■ About this task ■
Repeat word for word the opening stretch of the entries, from the first line through the line containing "Sableye V SSH-120".

■ Scraped caption text data ■

----

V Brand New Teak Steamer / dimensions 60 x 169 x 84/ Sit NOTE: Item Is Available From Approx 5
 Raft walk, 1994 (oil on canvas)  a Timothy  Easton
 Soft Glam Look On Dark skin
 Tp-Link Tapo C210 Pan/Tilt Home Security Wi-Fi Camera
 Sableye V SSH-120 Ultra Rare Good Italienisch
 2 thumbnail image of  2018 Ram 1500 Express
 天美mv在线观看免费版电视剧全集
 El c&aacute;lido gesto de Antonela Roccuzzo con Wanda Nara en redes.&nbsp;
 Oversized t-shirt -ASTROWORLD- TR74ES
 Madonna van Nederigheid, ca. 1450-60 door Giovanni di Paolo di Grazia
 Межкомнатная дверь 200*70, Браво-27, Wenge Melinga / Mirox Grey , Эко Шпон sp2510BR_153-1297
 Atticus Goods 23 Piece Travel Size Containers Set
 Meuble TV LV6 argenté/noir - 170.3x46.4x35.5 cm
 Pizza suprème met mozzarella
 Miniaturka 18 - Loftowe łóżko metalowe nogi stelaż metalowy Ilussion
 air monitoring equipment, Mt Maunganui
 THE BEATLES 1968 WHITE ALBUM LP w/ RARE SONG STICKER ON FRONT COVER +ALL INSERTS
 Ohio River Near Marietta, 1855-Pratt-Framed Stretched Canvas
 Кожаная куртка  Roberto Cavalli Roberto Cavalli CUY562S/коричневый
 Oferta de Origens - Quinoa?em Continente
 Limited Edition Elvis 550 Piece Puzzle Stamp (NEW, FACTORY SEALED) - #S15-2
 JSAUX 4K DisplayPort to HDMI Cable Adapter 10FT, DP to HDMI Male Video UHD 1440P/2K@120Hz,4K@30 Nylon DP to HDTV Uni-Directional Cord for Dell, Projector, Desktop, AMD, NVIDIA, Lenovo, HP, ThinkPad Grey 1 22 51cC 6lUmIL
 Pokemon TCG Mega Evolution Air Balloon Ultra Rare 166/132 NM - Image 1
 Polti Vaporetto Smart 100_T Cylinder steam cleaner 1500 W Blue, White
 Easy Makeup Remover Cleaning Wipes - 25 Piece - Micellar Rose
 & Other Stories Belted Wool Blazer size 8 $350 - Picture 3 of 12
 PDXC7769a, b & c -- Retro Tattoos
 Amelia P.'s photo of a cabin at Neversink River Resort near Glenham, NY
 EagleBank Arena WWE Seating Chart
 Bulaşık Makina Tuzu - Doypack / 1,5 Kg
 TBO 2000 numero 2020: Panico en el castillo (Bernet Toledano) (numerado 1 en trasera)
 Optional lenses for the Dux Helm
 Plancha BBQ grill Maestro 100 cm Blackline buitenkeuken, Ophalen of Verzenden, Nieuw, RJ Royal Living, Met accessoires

----

■ Result of this exercise ■
V Brand New Teak Steamer / dimensions 60 x 169 x 84/ Sit NOTE: Item Is Available From Approx 5
 Raft walk, 1994 (oil on canvas)  a Timothy  Easton
 Soft Glam Look On Dark skin
 Tp-Link Tapo C210 Pan/Tilt Home Security Wi-Fi Camera
 Sableye V SSH-120 Ultra Rare Good Italienisch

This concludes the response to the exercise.